Photo 1: Assemble the cabinet with butt joints and screws. Use the toe-kick as a spacer for locating the bottom shelf. Spring clamps are like having a third hand for supporting cabinet parts during assembly.
Photo 2: Glue together the two top pieces on a flat surface, such as your tablesaw. Sandbags (wrapped in plastic to avoid spills) provide the clamping pressure. Be sure to offset the two pieces by about 1/4 in. This will give you two clean edges to place against your tablesaw fence as you cut the top to final dimensions (see Photo 3).
Photo 3: Trim the built-up top on the tablesaw using the two offset edges against the fence. You’ll have to make four cuts to get the whole top square with flush edges. Leave an extra 1/2 in. on the width for trimming the hardwood edges (see Photo 4).
Photo 4: Cut the top to final width with the hardwood edging glued onto the sides. The hardwood is placed just shy of one edge on the MDF core. This leaves a clean edge to reference against the tablesaw fence for the first cut. The second cut is made to final width and leaves the hardwood perfectly flush with the edges of the MDF.

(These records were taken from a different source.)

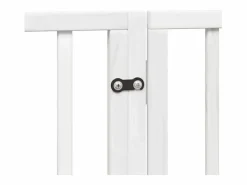 Clicnbuy Puerta para perros con puerta plegable de 6 paneles, blanca, 300 cm, madera de álamo Blanco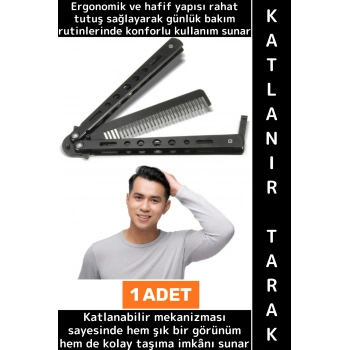 Hediyelik Seyahat Gündelik Çanta Boy Paslanmaz Çelik Gövdeli Özel Şık Tasarımlı Katlanabilir Tarak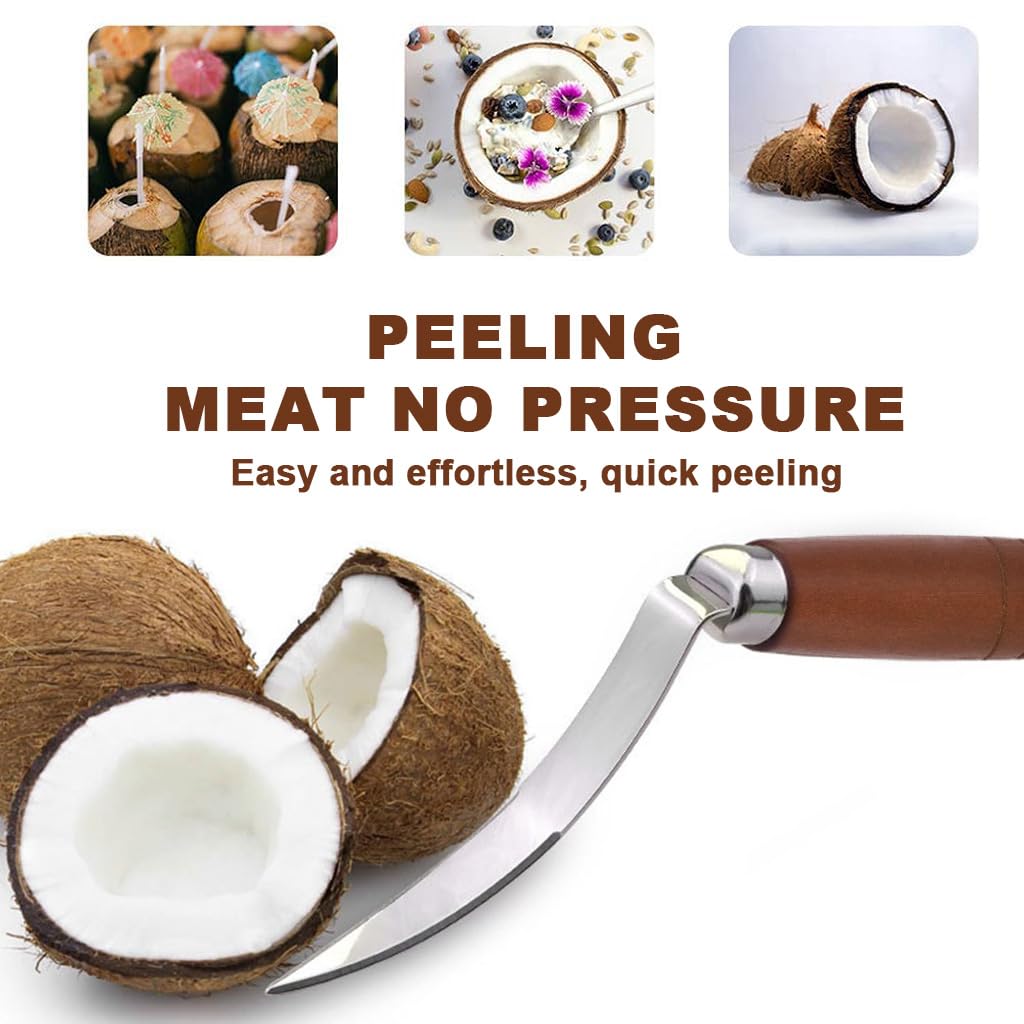 HASTHIP Coconut Pulp Scraper Tool for Easy Pulp Removal with Curved Blade and Wooden Handle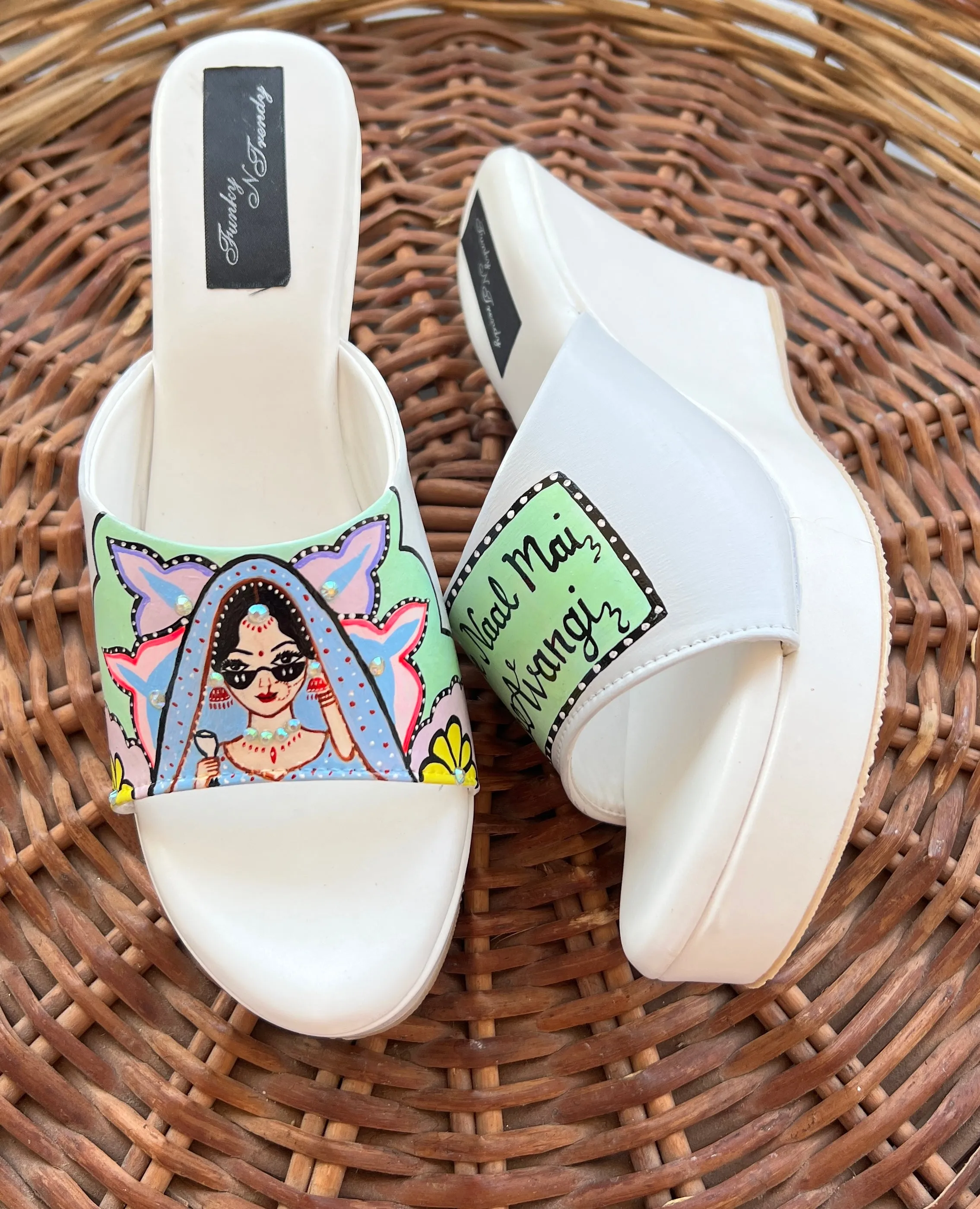 FUNKY N TRENDY hand painted water resistant wedding theme wedges for bride / handpainted heels / quirky heels/ kudi pataka sandals / kudi pataka heels / white heels/ green wedges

Photo 5: Apply the plastic laminate. Slip sticks prevent the plastic laminate from sticking to the top before you have it properly positioned. When the laminate evenly overlaps all four edges of the top, slip one stick out at a time and apply pressure to the laminate using a block of wood or a roller.
Photo 6: Rout the recess for your mounting plate. Build the template to fit snugly around your mounting plate. Use a top-bearing flush-trim bit to cut an exact-size opening. Make sure the template is deep enough to accommodate the bit length. Use a jigsaw to cut a hole in the center of the recess, leaving a 1/2-in. ledge for the mounting plate (Fig. A).
Photo 7: Rout channels for the T-track with a 3/4-in. straight cutter and an edge guide. Cut the full-length dado at the front of the table first; then cut the stopped rabbets on the two edges.
Photo 8: Rout slots in the fence parts using your newly built table and a temporary fence. Drill a 1/4-in. hole at the beginning and end of each slot. With the router turned off, set the blank against the fence so the 1/4-in. straight cutter protrudes through the first hole of the slot. Hold the blank firmly and turn on the router. Push the blank forward until the bit reaches the second hole.
Photo 9: Cut notches in the fence parts with a jigsaw. Once the fence is assembled, the notches form an opening in the fence to accommodate the router bit.
Photo 10: Assemble the fence with screws. Check each support block for square before you use it. Perfectly square support blocks ensure a perfectly square fence.